I thought the butcher might actually hit me.

“You are the customer and I will do what you want, but this –THIS — is NOT kibbe!” he yelled over the counter. Then he kissed his fingers at me, which I’m pretty sure is the Lebanese version of giving someone the finger.

Every holiday in my house starts with kibbe: Thanksgiving, Christmas, Easter. Doesn’t matter. The Middle Eastern lamb tartare is something we hover around the kitchen waiting for. When I was a kid, my Sittau would hand me a fork and let me make swirls and patterns on the cold, firm meat, which gave like clay under a modeling knife. As a teenager, she taught me to make it myself, gently kneading grated onion, soaked burghul and ample salt into the ice cold meat. She insisted on ice water to aid the kneading and I discovered that the best kibbe came from meat that was still slightly frozen. My hand would grow numb and turn bright red from working the icy mass, but everyone said mine was the only kibbe that tasted just like Sittau’s.

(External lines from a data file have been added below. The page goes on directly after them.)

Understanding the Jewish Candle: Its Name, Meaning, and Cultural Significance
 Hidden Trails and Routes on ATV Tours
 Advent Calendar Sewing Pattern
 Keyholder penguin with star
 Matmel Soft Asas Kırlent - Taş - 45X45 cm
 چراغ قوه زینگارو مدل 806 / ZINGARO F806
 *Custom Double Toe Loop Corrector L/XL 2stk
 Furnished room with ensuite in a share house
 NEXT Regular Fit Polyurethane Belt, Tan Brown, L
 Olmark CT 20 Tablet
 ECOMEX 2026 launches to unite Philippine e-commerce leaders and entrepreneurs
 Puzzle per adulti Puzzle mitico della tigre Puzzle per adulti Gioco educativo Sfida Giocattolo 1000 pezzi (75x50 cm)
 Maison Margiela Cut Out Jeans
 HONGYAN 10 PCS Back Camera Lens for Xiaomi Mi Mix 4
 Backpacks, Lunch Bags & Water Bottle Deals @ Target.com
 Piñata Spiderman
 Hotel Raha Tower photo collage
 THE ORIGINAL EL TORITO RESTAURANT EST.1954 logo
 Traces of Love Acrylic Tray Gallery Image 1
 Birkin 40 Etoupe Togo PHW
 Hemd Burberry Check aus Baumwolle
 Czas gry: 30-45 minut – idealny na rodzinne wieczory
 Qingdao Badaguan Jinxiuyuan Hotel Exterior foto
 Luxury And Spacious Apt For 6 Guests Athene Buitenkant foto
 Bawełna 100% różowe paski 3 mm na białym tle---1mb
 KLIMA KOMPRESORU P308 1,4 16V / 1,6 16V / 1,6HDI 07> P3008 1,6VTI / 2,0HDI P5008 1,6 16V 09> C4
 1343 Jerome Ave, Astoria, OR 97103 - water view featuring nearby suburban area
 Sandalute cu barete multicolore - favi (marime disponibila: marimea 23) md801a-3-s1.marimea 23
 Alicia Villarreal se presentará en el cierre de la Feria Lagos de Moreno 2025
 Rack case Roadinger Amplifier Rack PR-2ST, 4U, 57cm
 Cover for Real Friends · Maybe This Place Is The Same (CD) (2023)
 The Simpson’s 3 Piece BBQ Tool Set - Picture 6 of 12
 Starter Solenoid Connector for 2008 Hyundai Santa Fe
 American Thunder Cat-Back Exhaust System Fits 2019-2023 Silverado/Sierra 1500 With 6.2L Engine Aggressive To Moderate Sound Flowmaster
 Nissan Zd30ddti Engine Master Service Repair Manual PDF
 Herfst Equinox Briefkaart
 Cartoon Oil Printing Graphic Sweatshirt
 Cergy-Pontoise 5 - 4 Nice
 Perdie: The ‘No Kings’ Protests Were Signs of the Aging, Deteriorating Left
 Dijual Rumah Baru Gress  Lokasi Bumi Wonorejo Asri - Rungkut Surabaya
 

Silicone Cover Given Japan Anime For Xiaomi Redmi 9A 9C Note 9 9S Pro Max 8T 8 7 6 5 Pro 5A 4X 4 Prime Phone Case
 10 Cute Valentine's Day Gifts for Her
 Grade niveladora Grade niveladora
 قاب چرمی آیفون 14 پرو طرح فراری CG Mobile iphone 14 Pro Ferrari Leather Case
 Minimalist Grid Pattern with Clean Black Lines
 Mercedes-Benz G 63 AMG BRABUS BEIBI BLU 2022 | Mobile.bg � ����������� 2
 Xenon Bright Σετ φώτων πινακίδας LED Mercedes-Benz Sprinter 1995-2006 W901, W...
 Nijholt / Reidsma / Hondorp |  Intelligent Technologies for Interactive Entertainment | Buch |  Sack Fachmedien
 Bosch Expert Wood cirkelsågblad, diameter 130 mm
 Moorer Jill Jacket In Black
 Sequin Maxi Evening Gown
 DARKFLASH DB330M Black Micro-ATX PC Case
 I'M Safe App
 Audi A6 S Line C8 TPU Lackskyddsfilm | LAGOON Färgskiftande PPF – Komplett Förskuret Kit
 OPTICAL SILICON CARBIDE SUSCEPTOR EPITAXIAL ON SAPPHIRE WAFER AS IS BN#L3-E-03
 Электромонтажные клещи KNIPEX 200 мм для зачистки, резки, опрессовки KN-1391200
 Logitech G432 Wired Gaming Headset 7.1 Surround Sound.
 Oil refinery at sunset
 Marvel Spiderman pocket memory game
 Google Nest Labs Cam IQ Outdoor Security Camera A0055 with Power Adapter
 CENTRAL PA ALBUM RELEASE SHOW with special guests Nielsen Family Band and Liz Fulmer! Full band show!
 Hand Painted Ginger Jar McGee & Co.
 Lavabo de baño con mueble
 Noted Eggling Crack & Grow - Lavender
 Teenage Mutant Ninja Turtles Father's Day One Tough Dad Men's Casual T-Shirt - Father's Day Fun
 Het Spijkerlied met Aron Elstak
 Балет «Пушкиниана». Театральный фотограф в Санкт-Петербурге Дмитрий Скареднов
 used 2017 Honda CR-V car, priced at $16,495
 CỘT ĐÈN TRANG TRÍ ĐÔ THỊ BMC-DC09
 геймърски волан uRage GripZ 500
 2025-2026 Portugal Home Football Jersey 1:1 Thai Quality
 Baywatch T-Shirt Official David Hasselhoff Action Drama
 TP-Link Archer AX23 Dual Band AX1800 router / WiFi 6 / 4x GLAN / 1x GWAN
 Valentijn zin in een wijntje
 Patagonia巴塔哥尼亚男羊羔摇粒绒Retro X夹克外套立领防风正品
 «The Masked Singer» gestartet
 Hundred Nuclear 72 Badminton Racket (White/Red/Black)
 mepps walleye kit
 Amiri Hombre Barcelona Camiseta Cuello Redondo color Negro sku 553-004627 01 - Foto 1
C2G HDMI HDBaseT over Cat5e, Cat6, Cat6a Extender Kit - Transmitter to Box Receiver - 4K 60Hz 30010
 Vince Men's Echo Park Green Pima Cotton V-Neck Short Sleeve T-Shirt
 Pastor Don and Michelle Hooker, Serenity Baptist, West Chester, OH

It was the butcher who undid it all. Sittau and the grandmothers of her generation would have their butchers trim every scrap of fat from a leg of lamb and then grind it twice. ONLY twice. This joker wanted to grind it five times. I had let him do this on a previous visit and the result was an unappetizing mush. This time, I wanted it my way. But when he handed it to me it was studded with big white globules of fat. And then the revelation: he was using a fattier piece of meat and grinding it more to assimilate all the fat. It would be easy to think that the butcher was just a con man, using lousy meat. But all the kibbe I’d seen in restaurants was the same as his — a soft, pasty mush. This butcher and the restaurant owners were all two generations removed from Sittau’s. So the only possible conclusion was that tastes must have changed back in the Middle East.

In the end, I got my kibbe the way I wanted it. But I still don’t know why this butcher and his bretheren prefer it their way.

And I also had to find a new butcher. Because I’m pretty sure that guy’s got my picture on the wall, right next to the grinder.